[How to complete this task]: With the pictures omitted, set down exactly the lines from the one that contains "Rosandi & John’s" through the last line of the data.

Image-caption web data
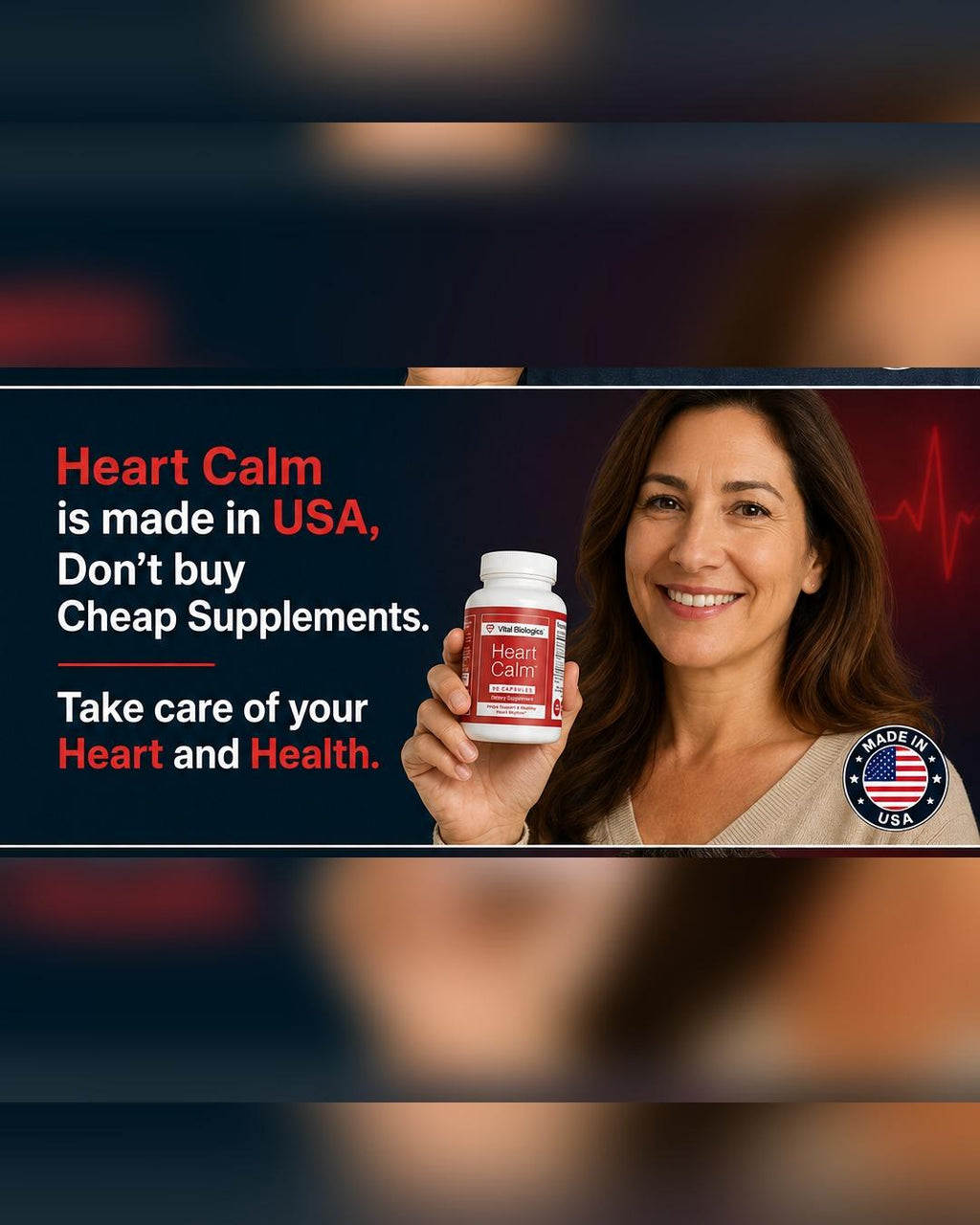 Heart Calm™ Heart Rhythm Support Formula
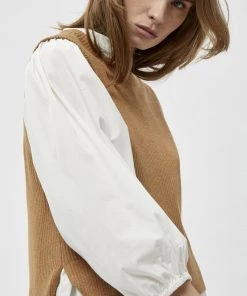 Minus Femme AUGUSTINA Pullover Almond Melange 11 Minus Femme AUGUSTINA Pullover Almond Melange -SOLDES D'ÉTÉ - Minus Fashion fe5a19af613a4f51a2b9dc03533a5dbf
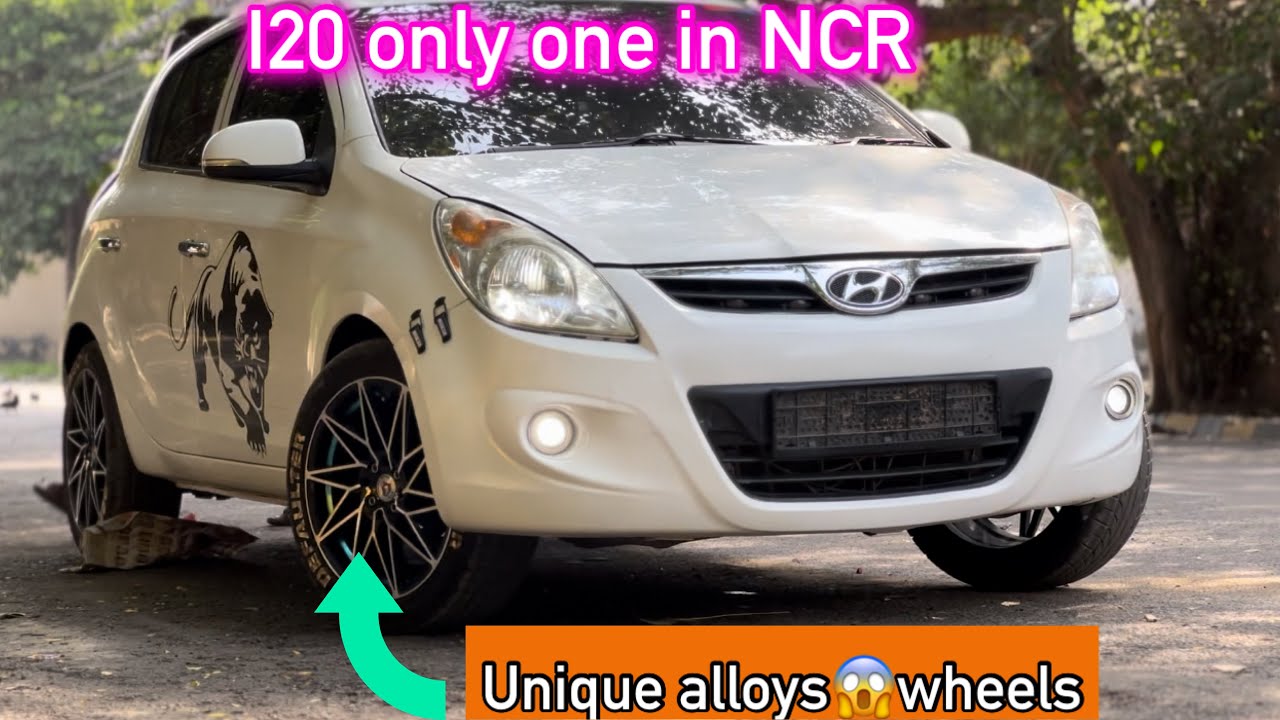 I20 old  Only one in NCR 😱 || Full Modified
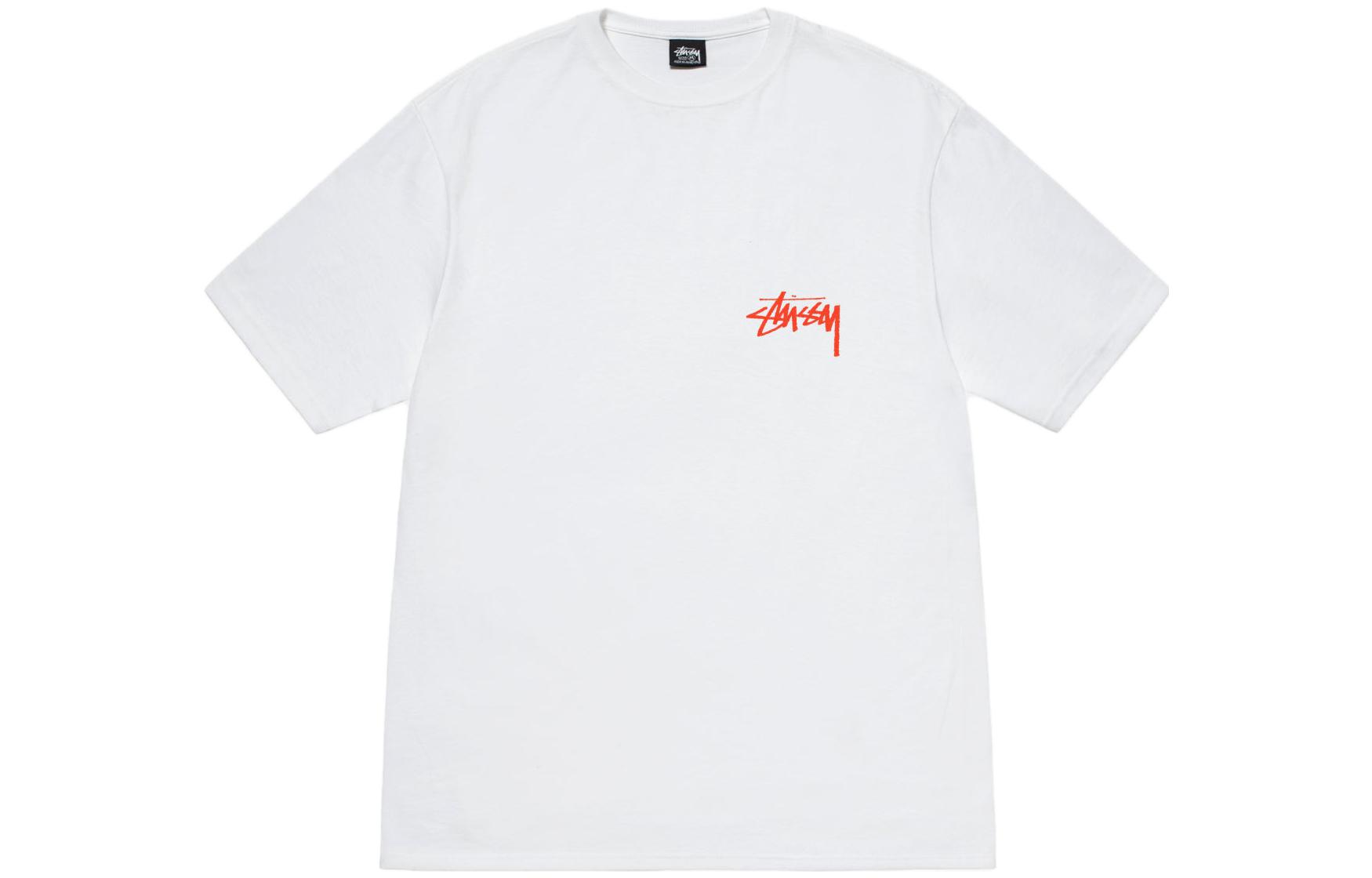 Purchase Stüssy FW23 蠍子圖案復古男女款T恤。 1905016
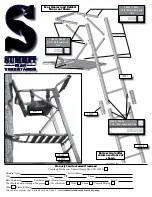 Preview for 8 page of Summit Treestands Single Shot Instruction Booklet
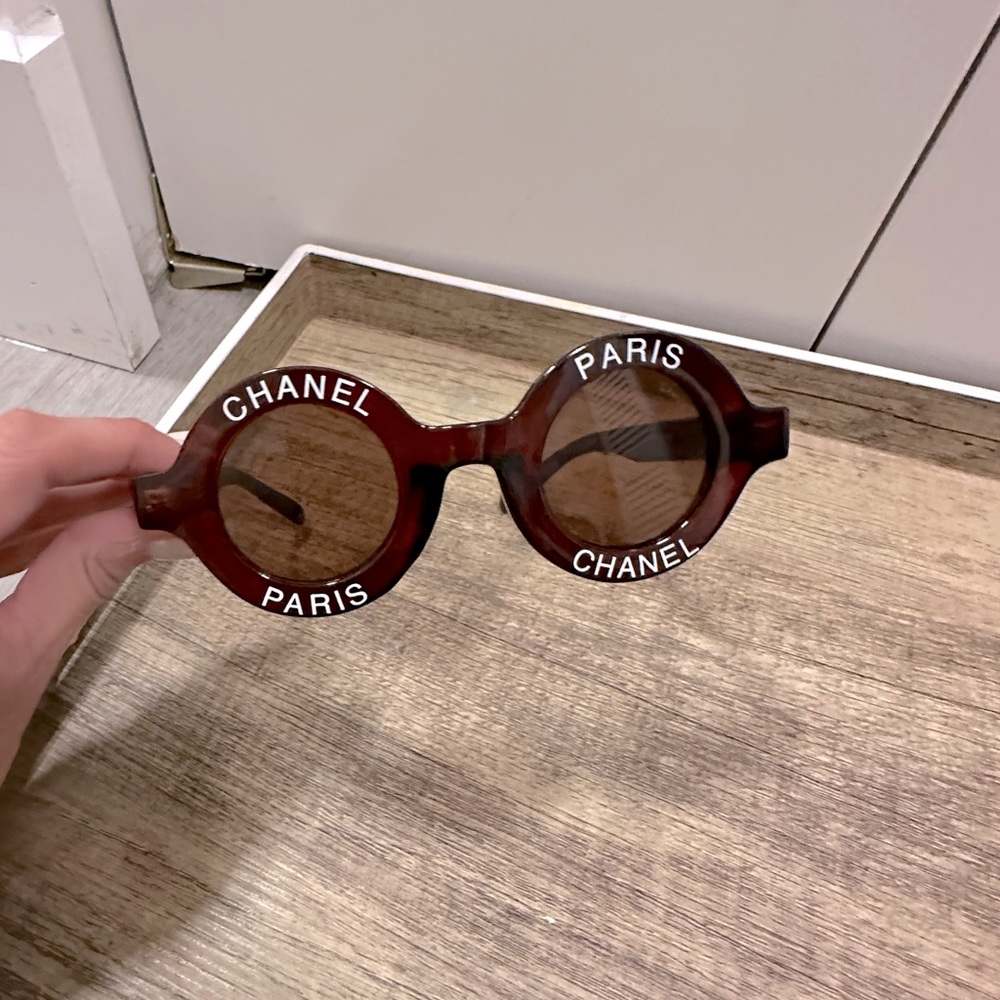 Chanel iconic sunglasses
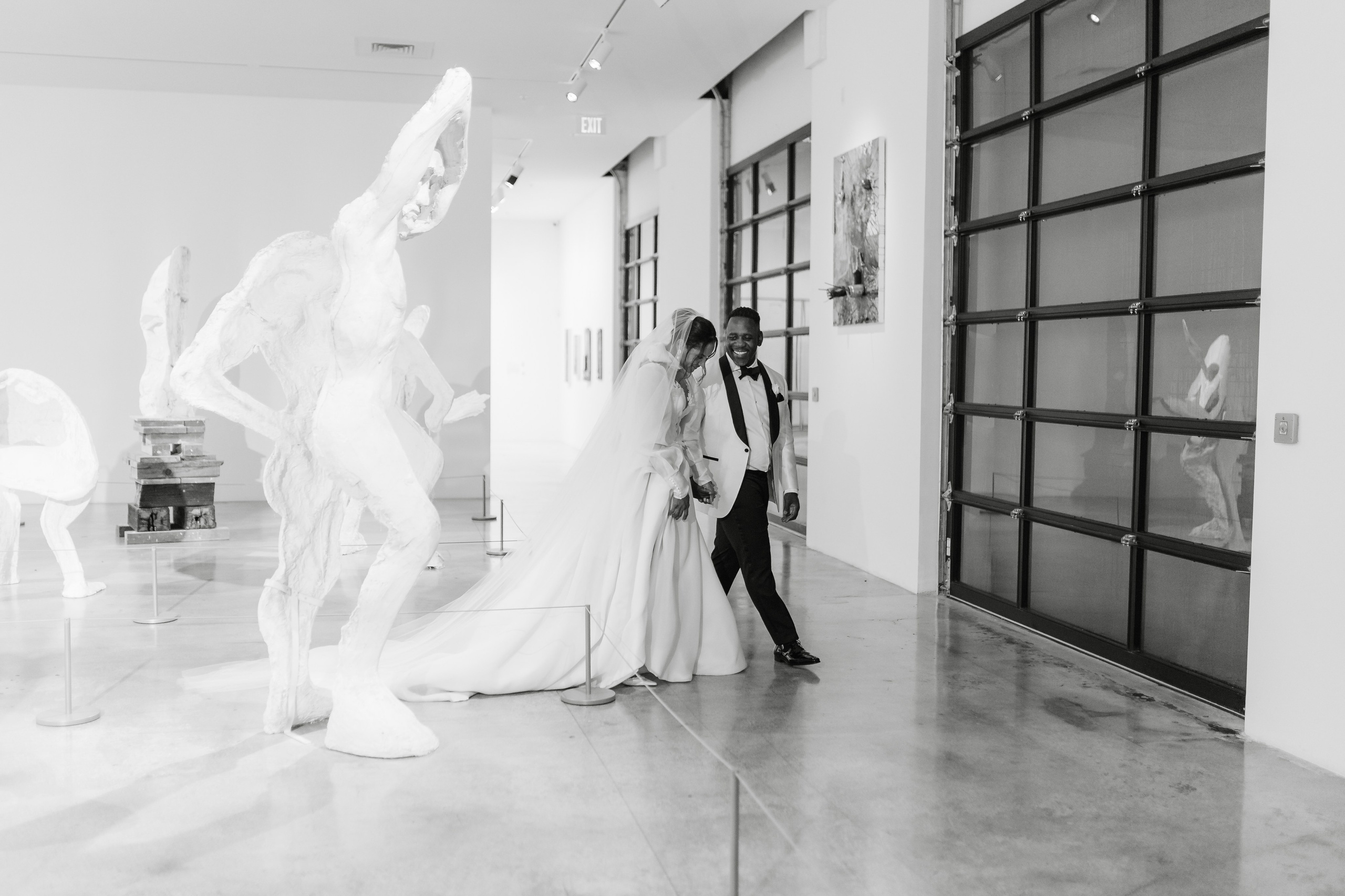 Rosandi & John’s Elegant Wedding at the Rubell Museum. YES I DO PRODUCTION — Wedding photography&videography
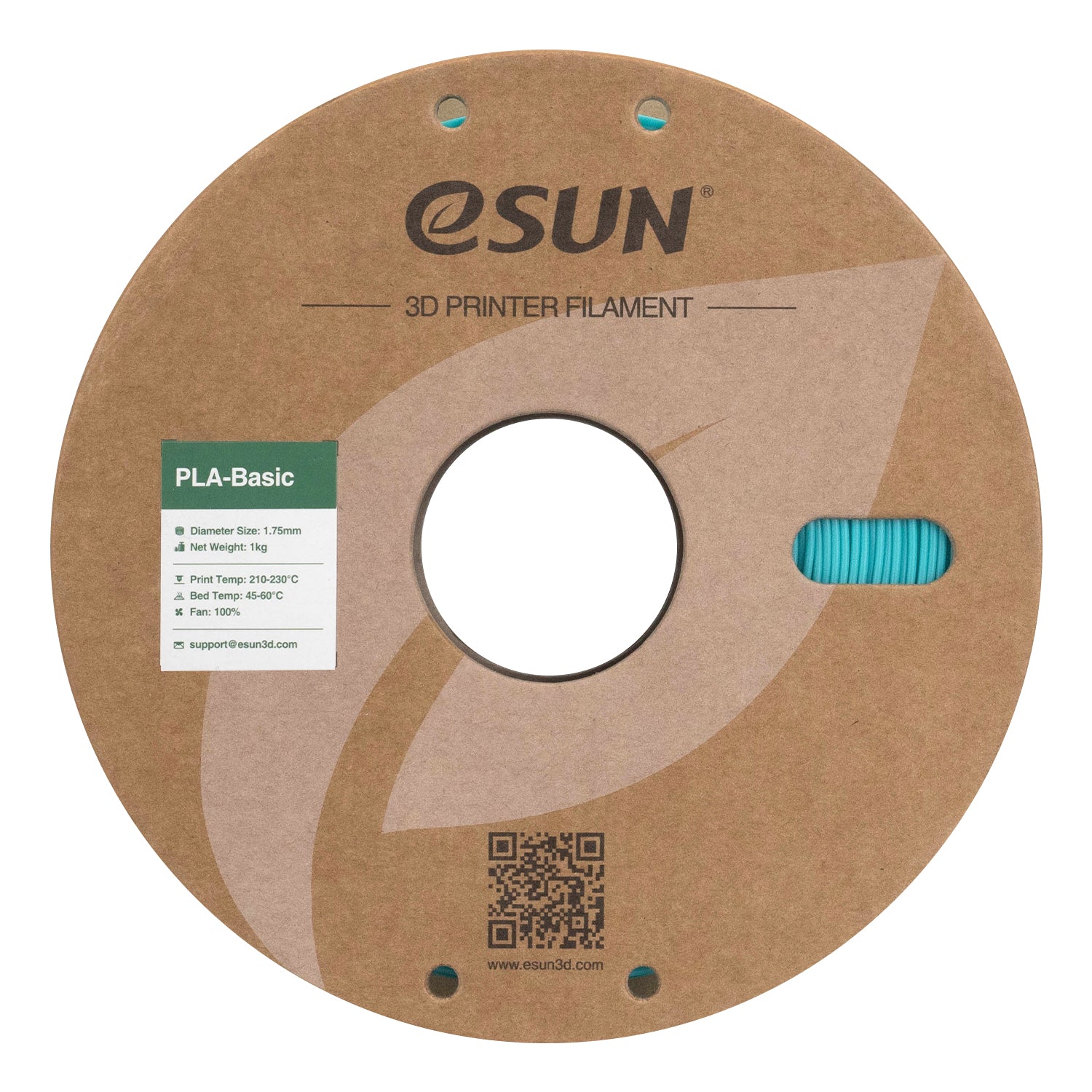 Filament PLA-Basic azuurblauw | eSUN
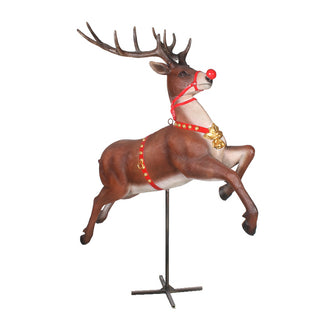 Holiday Deer Lift-Off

[Output]:
 Rosandi & John’s Elegant Wedding at the Rubell Museum. YES I DO PRODUCTION — Wedding photography&videography
 Filament PLA-Basic azuurblauw | eSUN
 Holiday Deer Lift-Off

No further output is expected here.